139
Herhangi bir yerde ortaya çıkan bir oluşu tamamıyla dış kaynaklara bağlayıp
iç tesirleri ve kökleri görmezlikten gelinemez. Bir yerde belli bir dayanak ve vasıta
bulamayan
bir düşüncenin, filizlenmesi zordur.
Tasavvuf, İbn Arabî‘ye kadar, pratik durumunu korumuş, yani Kitap ve
Sünnete uymayı, hedef edinmiş iken İbn Arabî ile teorik duruma geçip felsefeleşmiş
ve özellikle, İbn Arabî‘nin, (Fusûs)‘u, Fahrüddin-i Iraki‘nin (Lemeât)‘ı ve Câmî‘nin
(Levâyih)‘i ile de dört bir tarafa yayılmış ve sonunda İbn Arabî‘den sonra bir Teozofi
hâlini almış, ilerleme ve orijinaliteden uzaklaşarak sırf taklitten ve tekrardan ibaret
kalmıştır.
Görülüyor ki, ilk dönemde yaşamış sufîler diğer medeniyetlerin
birikimlerini kabullenme noktasında oldukça özgür davranmışlardır. Burada üzerinde
durulması gereken problemlerden biri de tasavvufun uğradığı etkileşimin boyutudur.
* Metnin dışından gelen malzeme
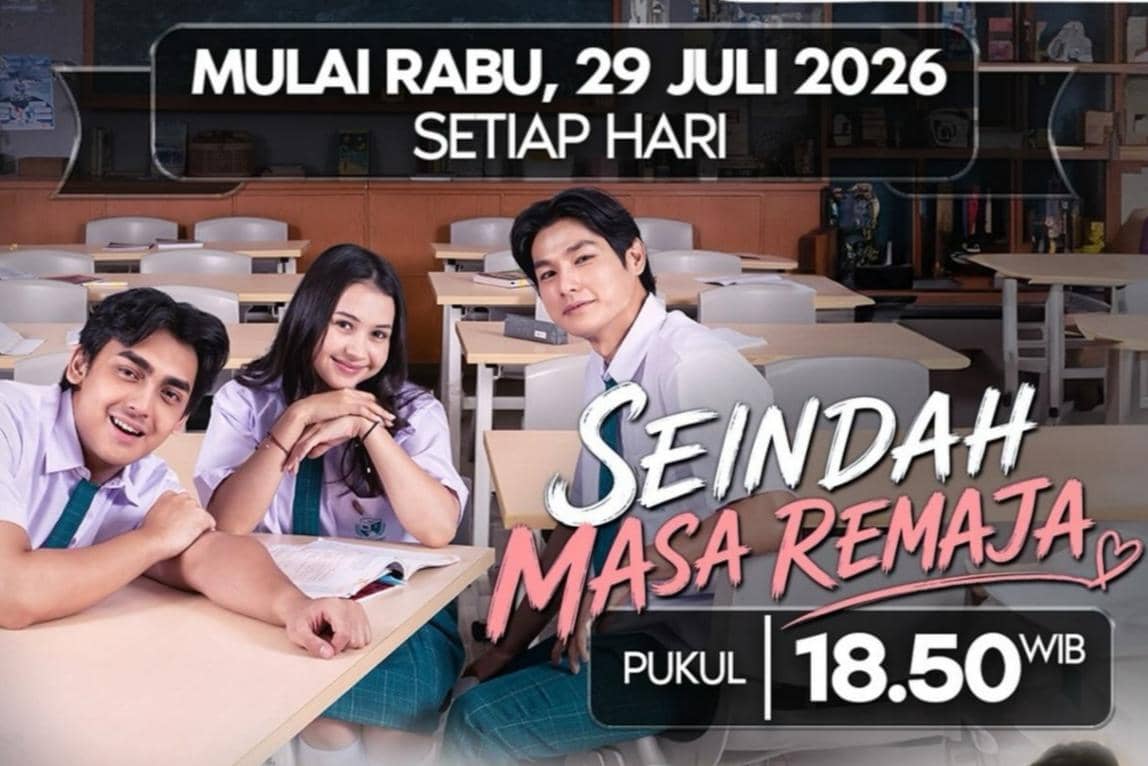 sinopsis sinetron seindah masa remaja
Etkileşim kaçınılmaz bir gerçektir. Bu açıdan, tasavvufun tek bir kaynağa
indirgenmesi de yanlıştır.
Araştırmamızdaki en önemli tespitlerden biri
tasavvufun, tek bir kaynağa
dayanmayacak veya doğuşunu ve hayatiyetini tek bir kaynaktan almayacak derecede
komplike bir hareket olduğudur. Fakat İslâmi doktrinlerin, ilk dönemlerde zühde ne
ölçüde tesir ettiğini; Hıristiyan, İran, Hint düşüncelerinin, Gnostik, Yeni-Eflatuncu,
Hermetik düşüncelerin sufî çevreye nasıl girdiğini; hangi bölgelerde bu düşüncelerle
sufîlerin düşünceleri arasında birleşme meydana geldiğini; bu düşüncelerin sufîlere
hangi şekilde ve ilk olarak hangi dilde ulaştığını; sufîlerin bu düşünceleri gerçek
anlamıyla ne kadar bildiklerini; eski kültür merkezlerinin bu düşünceleri sufîler
arasında ne kadar yayıldığı bilinmemektedir. Ancak günümüzde de mistik, gnostîk
ve gizemli olan her düşünce tarzının insanlara cazip geldiği bilinen bir gerçektir.